• Data extracts:
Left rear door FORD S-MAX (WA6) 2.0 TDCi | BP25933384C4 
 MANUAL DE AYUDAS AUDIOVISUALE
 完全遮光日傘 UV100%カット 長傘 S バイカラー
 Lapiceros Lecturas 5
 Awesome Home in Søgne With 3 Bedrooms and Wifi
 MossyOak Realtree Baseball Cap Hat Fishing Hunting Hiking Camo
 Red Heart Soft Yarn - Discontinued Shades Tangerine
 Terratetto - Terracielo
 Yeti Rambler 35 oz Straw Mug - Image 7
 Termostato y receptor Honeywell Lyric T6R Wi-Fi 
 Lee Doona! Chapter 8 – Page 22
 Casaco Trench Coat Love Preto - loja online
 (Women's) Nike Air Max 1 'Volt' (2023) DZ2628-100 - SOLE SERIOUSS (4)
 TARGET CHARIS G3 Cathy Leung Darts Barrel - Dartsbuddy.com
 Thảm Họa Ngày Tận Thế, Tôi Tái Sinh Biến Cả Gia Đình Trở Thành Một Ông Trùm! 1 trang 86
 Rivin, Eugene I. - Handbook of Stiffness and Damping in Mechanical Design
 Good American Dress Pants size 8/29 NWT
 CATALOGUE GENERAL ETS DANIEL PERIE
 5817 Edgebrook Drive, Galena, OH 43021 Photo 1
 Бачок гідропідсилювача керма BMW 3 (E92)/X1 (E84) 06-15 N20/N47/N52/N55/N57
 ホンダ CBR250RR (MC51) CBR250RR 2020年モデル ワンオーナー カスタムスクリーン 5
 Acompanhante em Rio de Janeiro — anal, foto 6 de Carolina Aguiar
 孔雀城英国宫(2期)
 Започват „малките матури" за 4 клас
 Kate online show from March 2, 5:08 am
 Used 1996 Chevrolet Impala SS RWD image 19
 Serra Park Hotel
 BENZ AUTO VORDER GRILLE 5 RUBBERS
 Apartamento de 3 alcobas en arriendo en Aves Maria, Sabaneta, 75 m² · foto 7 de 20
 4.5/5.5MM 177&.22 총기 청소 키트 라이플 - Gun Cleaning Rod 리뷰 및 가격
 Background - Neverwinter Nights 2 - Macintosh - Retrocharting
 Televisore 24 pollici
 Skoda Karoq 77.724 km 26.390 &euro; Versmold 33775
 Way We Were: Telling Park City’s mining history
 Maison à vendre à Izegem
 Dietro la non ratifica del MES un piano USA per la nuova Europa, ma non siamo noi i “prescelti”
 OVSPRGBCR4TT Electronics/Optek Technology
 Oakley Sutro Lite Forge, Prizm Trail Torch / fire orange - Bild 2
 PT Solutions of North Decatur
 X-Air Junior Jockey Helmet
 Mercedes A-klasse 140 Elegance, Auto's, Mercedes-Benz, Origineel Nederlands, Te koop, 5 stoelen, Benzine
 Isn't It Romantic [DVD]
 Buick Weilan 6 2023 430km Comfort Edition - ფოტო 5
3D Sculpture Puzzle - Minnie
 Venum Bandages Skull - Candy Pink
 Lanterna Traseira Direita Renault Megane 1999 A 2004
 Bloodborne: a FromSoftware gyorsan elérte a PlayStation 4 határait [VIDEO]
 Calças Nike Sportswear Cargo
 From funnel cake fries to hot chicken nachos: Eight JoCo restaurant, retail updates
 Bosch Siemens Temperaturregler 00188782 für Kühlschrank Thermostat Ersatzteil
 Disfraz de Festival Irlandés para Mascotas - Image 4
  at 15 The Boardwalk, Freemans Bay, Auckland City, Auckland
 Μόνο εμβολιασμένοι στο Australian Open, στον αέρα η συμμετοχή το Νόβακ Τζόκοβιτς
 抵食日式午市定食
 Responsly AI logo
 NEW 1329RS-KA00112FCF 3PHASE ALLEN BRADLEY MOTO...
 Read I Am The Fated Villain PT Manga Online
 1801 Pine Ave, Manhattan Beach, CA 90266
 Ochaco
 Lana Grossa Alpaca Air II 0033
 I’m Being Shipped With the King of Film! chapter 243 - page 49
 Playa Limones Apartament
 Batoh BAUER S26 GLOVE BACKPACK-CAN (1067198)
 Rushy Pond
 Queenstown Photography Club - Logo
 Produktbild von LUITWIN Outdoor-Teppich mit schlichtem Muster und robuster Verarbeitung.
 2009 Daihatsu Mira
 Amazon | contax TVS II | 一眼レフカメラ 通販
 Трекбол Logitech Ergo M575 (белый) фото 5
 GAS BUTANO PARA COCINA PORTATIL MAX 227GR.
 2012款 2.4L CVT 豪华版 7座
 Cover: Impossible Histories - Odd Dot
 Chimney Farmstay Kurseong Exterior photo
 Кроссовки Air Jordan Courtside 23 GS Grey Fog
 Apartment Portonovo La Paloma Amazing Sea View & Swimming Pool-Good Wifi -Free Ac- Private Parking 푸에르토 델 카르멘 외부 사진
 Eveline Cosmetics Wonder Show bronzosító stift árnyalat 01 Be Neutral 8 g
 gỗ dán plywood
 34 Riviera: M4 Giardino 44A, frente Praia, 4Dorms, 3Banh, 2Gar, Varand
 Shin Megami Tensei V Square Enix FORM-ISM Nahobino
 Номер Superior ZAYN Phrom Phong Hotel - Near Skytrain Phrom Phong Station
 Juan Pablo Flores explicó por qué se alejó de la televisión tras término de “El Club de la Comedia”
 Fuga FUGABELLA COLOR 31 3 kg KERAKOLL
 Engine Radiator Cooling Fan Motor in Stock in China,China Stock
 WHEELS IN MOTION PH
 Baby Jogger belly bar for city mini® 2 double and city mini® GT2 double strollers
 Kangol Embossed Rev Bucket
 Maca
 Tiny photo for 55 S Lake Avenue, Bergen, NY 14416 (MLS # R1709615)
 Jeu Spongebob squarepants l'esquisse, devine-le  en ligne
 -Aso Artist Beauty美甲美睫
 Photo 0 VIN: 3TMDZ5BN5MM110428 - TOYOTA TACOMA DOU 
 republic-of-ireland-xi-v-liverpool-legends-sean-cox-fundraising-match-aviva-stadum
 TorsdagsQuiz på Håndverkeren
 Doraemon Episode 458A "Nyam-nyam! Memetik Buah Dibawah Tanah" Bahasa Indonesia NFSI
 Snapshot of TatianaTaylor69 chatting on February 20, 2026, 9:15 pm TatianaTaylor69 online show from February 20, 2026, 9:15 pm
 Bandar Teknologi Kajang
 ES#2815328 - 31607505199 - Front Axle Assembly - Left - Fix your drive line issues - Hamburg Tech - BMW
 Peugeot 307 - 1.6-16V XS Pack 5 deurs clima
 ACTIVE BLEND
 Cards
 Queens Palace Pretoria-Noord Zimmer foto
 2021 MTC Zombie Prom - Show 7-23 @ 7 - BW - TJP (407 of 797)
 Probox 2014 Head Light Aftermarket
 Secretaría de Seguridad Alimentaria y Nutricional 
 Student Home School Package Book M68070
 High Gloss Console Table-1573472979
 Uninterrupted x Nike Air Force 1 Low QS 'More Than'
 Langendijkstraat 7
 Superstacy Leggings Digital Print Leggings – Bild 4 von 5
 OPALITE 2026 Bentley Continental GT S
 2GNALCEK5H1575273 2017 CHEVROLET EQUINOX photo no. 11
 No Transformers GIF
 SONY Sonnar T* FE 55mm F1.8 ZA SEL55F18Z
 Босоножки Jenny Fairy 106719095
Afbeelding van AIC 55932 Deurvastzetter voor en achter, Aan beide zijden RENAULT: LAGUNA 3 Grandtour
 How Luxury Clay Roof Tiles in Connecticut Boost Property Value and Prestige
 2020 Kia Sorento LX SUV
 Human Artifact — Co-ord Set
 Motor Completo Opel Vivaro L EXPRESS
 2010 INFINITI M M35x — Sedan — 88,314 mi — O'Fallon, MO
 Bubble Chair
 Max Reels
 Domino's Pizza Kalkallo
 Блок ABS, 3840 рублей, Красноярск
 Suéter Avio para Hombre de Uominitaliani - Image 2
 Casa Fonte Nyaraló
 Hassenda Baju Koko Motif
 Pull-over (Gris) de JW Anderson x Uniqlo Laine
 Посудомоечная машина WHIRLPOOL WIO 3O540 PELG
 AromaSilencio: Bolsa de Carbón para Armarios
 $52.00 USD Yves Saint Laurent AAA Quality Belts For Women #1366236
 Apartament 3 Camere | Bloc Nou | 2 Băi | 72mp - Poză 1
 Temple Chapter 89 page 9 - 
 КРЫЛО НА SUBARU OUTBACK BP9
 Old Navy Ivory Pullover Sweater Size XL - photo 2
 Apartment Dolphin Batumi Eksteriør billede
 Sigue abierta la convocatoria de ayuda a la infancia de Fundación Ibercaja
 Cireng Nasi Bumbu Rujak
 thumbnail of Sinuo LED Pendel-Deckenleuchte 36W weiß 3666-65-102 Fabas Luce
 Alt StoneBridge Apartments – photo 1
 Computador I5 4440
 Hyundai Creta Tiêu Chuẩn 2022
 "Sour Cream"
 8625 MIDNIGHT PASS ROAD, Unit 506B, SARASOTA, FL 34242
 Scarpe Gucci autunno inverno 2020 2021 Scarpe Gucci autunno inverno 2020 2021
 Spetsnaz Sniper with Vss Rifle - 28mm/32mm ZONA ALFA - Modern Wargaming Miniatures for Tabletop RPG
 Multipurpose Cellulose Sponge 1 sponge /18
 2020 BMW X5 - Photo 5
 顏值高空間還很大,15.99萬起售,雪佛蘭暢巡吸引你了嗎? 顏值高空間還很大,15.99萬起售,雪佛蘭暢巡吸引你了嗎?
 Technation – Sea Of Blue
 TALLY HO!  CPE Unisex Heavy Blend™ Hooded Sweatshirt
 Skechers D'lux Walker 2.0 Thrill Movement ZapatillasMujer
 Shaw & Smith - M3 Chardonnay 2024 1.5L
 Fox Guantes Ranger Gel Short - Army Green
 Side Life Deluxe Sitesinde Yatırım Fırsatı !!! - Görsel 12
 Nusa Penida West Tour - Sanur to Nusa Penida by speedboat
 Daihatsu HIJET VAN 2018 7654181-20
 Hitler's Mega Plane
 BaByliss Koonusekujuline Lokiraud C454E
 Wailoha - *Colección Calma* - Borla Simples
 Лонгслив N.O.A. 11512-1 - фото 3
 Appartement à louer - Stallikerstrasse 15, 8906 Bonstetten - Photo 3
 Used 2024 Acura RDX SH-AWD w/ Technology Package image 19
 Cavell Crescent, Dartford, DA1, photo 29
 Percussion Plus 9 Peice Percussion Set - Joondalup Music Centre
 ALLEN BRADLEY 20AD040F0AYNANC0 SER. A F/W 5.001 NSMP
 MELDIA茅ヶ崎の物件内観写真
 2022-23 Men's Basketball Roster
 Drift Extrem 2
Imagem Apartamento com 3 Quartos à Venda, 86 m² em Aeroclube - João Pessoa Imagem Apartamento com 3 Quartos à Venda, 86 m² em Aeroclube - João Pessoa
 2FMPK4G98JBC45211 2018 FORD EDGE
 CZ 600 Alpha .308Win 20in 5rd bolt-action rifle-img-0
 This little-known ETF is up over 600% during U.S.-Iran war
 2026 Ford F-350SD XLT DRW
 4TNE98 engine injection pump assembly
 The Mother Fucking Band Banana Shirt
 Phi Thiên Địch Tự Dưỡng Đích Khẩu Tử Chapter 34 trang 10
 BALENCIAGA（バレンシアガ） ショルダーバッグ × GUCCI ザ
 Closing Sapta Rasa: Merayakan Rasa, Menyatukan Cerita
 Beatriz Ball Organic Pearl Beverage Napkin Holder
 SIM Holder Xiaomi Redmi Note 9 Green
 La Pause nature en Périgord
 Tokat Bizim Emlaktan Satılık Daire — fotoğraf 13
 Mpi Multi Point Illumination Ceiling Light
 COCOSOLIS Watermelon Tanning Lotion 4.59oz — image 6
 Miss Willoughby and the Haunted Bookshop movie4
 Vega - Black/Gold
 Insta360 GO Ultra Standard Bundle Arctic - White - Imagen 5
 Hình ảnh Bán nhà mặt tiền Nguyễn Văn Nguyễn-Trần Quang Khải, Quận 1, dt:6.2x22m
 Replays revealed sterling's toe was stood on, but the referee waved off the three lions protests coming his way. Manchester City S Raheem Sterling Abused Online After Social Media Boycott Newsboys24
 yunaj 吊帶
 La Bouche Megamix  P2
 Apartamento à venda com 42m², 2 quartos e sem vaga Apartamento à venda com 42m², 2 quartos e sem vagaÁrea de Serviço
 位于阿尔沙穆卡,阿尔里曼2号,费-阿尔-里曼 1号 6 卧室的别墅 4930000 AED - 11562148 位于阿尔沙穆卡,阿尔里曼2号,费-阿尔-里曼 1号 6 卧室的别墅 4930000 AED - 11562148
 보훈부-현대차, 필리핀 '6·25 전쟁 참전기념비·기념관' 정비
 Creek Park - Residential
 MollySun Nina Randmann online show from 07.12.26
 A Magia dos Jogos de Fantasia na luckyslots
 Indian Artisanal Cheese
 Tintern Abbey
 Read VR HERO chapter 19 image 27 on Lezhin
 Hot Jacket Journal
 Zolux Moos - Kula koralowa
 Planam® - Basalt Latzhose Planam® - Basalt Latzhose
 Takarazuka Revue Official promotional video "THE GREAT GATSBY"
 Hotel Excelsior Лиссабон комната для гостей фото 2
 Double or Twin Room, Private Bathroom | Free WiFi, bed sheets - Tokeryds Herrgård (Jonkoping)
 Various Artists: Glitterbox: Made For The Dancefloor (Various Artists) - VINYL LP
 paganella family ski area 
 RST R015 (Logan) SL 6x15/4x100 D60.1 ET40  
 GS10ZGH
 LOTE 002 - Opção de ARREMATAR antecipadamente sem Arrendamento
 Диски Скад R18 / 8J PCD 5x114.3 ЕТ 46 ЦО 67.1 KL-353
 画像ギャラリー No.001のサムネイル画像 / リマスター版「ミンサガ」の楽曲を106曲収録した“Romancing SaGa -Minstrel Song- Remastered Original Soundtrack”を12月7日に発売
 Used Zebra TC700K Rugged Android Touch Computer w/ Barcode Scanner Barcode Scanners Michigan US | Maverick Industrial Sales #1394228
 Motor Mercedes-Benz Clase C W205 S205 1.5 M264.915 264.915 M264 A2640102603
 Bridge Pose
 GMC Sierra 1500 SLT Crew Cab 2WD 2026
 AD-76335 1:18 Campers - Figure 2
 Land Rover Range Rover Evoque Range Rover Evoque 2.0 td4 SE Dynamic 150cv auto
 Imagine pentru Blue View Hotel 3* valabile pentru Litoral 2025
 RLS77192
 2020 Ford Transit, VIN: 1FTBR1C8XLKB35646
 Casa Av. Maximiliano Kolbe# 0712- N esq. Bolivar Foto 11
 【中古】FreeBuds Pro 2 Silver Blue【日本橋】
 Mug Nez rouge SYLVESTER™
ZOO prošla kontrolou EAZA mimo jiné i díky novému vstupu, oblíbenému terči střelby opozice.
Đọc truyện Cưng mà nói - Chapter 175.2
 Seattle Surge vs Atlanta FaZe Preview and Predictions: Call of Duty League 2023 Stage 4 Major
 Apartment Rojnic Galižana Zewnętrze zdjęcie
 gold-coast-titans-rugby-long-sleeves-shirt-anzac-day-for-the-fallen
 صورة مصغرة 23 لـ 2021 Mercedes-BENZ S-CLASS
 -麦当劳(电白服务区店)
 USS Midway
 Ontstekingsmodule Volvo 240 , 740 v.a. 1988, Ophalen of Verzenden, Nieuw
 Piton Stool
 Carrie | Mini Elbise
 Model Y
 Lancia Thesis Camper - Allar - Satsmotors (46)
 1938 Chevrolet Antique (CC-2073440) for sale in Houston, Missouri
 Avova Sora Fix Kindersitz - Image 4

• Exercise:
Everything above from the line with "ACTIVE BLEND" to the line with "2GNALCEK5H1575273 2017 CHEVROLET", both included, must be repeated exactly, and nothing outside that range.

• Result for this exercise:
 ACTIVE BLEND
 Cards
 Queens Palace Pretoria-Noord Zimmer foto
 2021 MTC Zombie Prom - Show 7-23 @ 7 - BW - TJP (407 of 797)
 Probox 2014 Head Light Aftermarket
 Secretaría de Seguridad Alimentaria y Nutricional 
 Student Home School Package Book M68070
 High Gloss Console Table-1573472979
 Uninterrupted x Nike Air Force 1 Low QS 'More Than'
 Langendijkstraat 7
 Superstacy Leggings Digital Print Leggings – Bild 4 von 5
 OPALITE 2026 Bentley Continental GT S
 2GNALCEK5H1575273 2017 CHEVROLET EQUINOX photo no. 11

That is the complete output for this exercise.